La Península Ibérica es nuestra casa común. Unidas por la geografía y separadas por la historia, España y Portugal llevan tres décadas de democracia y dos en la UE trenzando sus caminos políticos, cosiendo sus tejidos económicos y enredando sus madejas sociales. La intimidad doméstica en esta península pentagonal que compartimos va poco a poco anudando una red de vínculos materiales y espirituales que se superpone a la lógica unitaria del territorio —de las cuencas hidrográficas a los informes meteorológicos—, a la continuidad de las comunicaciones y al tráfico de ideas o emociones entre culturas contiguas.
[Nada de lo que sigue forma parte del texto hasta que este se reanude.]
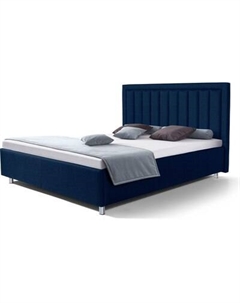 Двуспальная кровать ФорестДекоГрупп Марта 2 180x200 с ПМ Форестдекогрупп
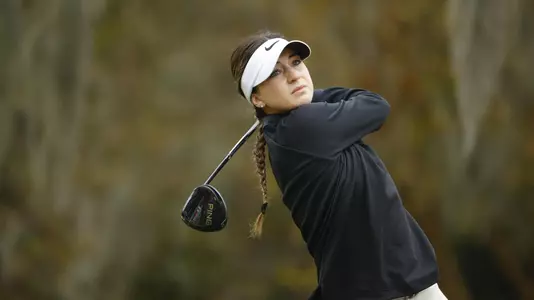 GAbriela Ruffels in the 2020 U.S. Women's Open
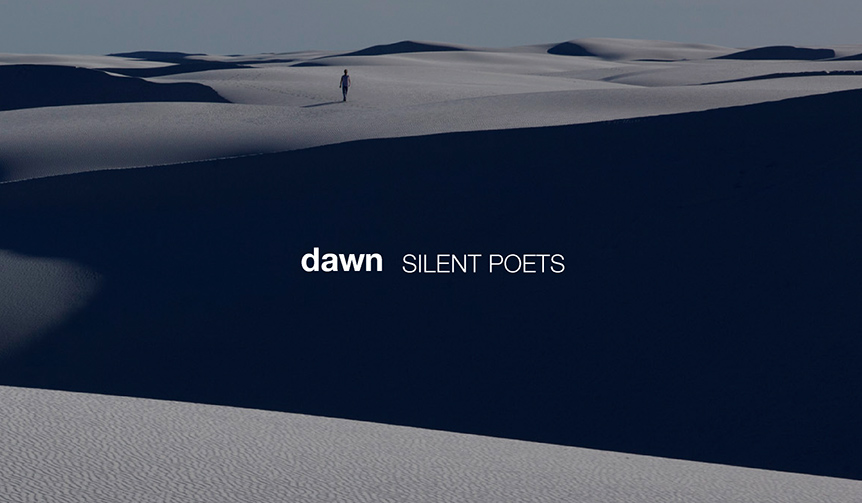 SILENT POETSのデビュー25周年となる待望の新作アルバム「dawn」のリリース｜MUSIC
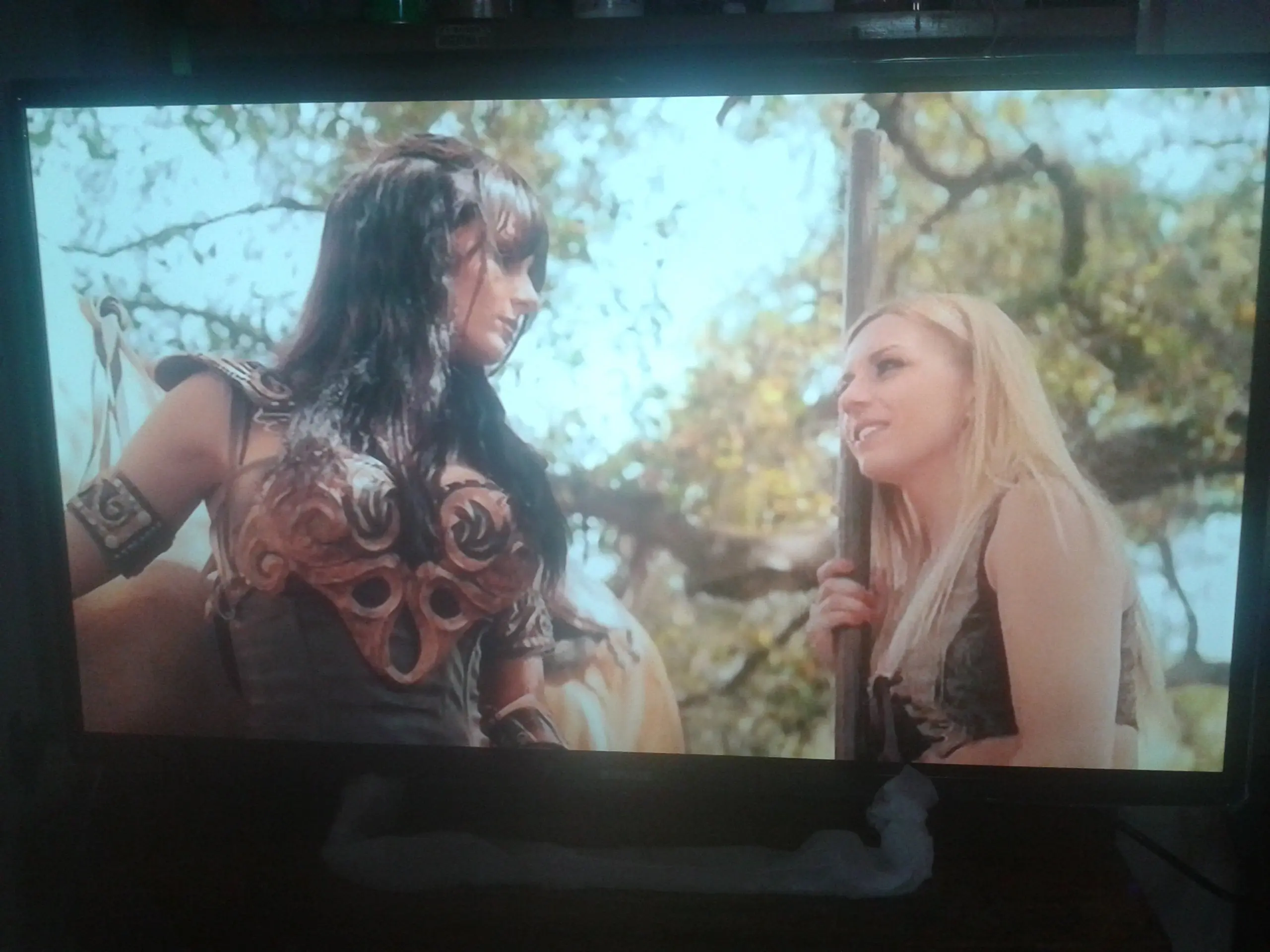 Me compre una tele de 40 pulgadas y te lo muestro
Sin embargo, la diferencia de tamaño físico y demográfico entre nuestros dos países genera recelos muy difíciles de disipar, y hace del vetusto iberismo decimonónico una herramienta poco apropiada para servir de brújula en los procesos de agregación contemporáneos.
Si, como afirma una encuesta reciente, un 28% de los portugueses y un 46% de los españoles son partidarios de ese matrimonio político, un porcentaje mayor prefiere mantener las relaciones conservando ambos la casa propia; si el Nobel Saramago aboga por la disolución de los dos estados en otro llamado Iberia, no puede olvidarse que el llamamiento proviene de un portugués casado con española y afincado en Canarias; y si el ministro de Obras Públicas portugués, Mario Lino, se dice «iberista convicto», la noticia es tan significativa como la posterior denuncia que lo acusa de un delito de lesa patria. Quizá tiene razón Mário Soares cuando juzga imposible «construir una federación ibérica», y acaso debamos conformarnos con lo que el catedrático Andrés de Blas llama «iberismo débil», centrado en incrementar las relaciones de todo tipo sin aspirar al «iberismo fuerte» de la unión política.
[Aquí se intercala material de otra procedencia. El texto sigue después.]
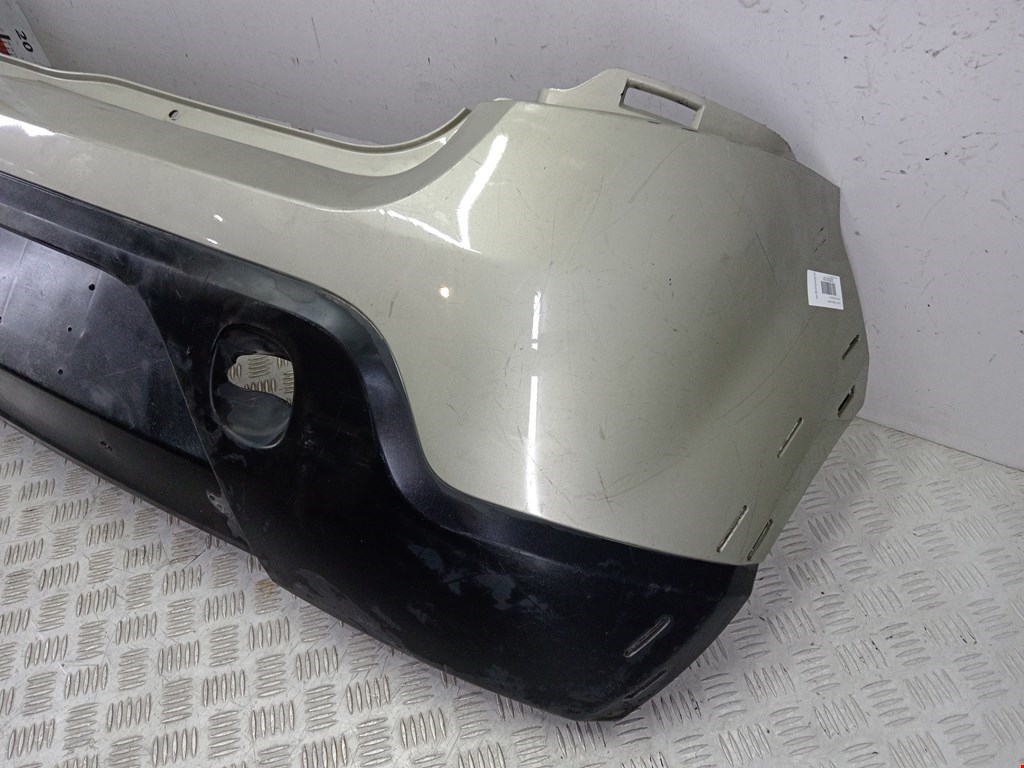 Бампер задний RENAULT Sandero 2009-2014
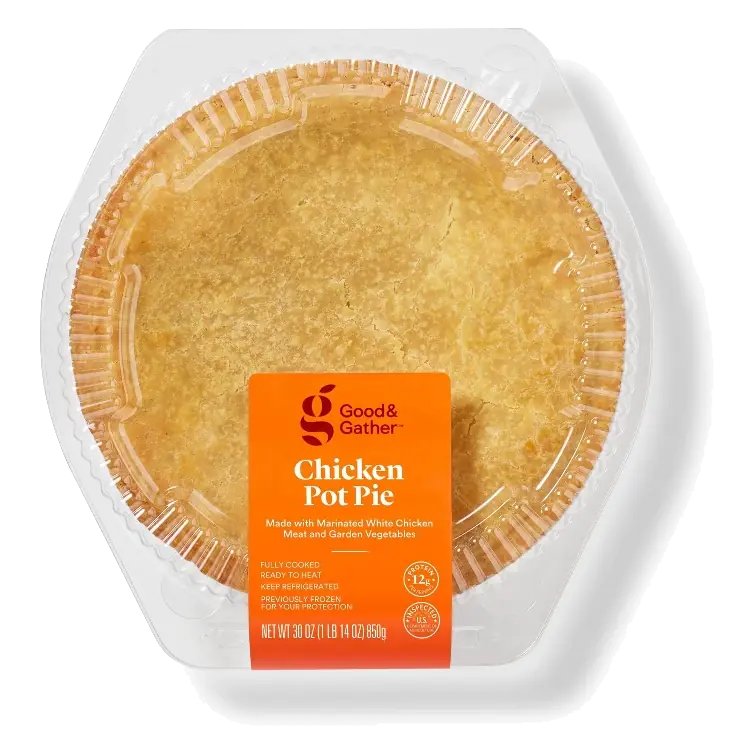 Chicken Pot Pie - 30oz - Good & Gather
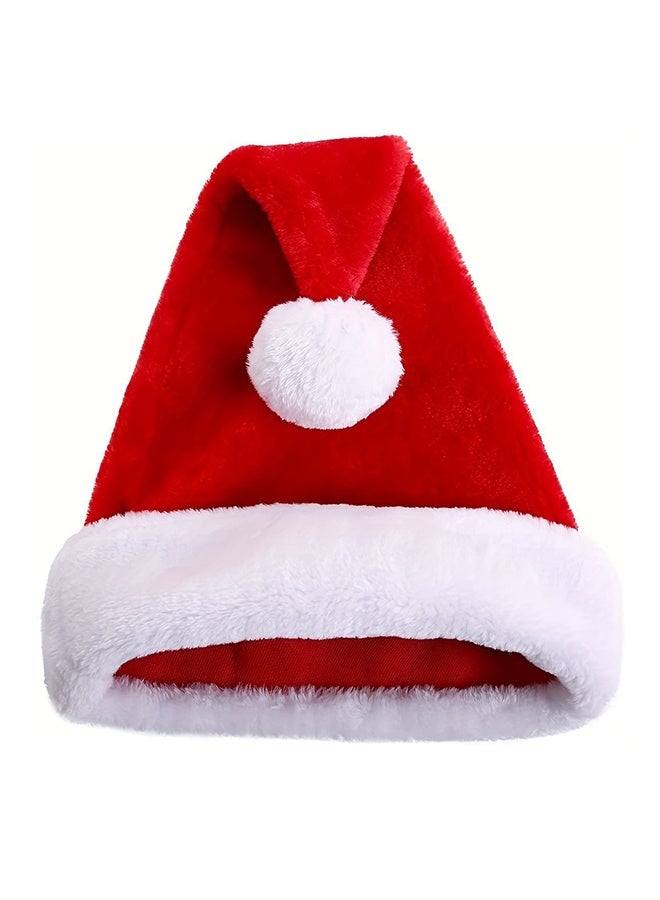 عيد الميلاد قبعة عيد الميلاد قبعة عيد الميلاد قبعة الكبار - Image 2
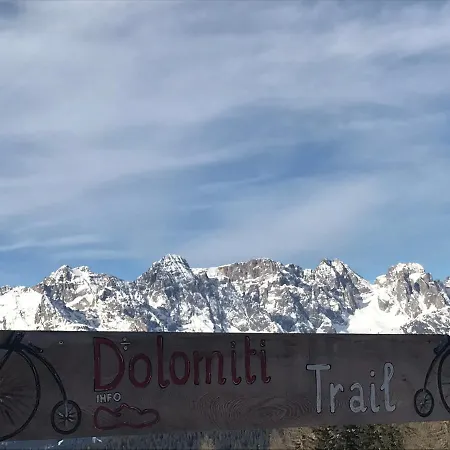 Domek letniskowy Rifugio De Doo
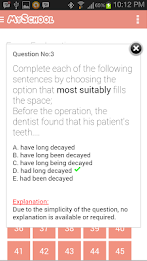 Myschool - JAMB CBT Questions poster 6
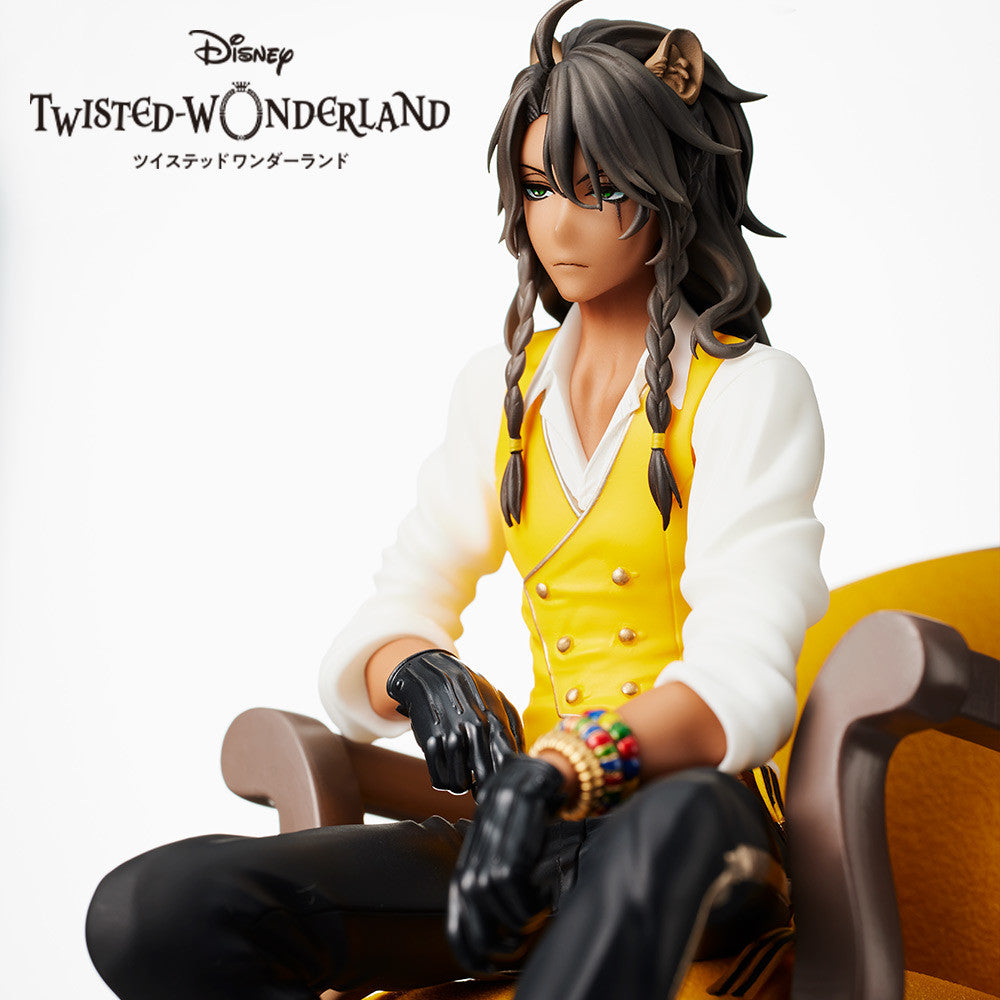 Twisted Wonderland PM Grace Figure Leona SEGA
Hoy, la interconexión de las redes energéticas y las infraestructuras del transporte —con el reto de conjugar el sistema radial español con el axial portugués, y el desafío del AVE Madrid-Lisboa—, la penetración mutua de las organizaciones empresariales —con más de mil compañías españolas operando en Portugal, y 400 portuguesas en España— y la fertilización cruzada del ámbito social y cultural —desde el turismo a la promoción del idioma— dibujan un paisaje de integración creciente, que tiene como protagonistas a la banca, las eléctricas y las constructoras. Estas últimas, estimuladas por fusiones y adquisiciones, están ya poniendo las bases de un mercado único peninsular de obra pública que abarca desde los proyectos hidráulicos y ferroviarios hasta las autopistas y la promoción inmobiliaria, en una interpretación macroeconómica de la melodía micro de nuestra casa común.
Las veinticuatro casas que aquí se ofrecen, ecuánimemente repartidas entre España y Portugal, quieren ser una metáfora editorial de nuestra residencia compartida, en este finisterre peninsular de una Europa indecisa sobre su futuro. Precedidas por cuatro exploraciones artísticas de las promesas de felicidad y las pesadillas íntimas inscritas en el ámbito doméstico, orquestadas con la misma simetría, y seguidas por tres experimentos españoles y una admonición oracular del más grande arquitecto portugués, estas dos docenas de casas ibéricas proponen también un diálogo coral entre los usos y los hábitos, las ideas y las actitudes, los lenguajes y las formas. Si se escucha con atención, esta conversación plural y matizada deja un residuo en la retina de acuerdos sustanciales y discrepancias adjetivas: quizá los mimbres con que se teje la convivencia en el lugar común de esta casa nuestra.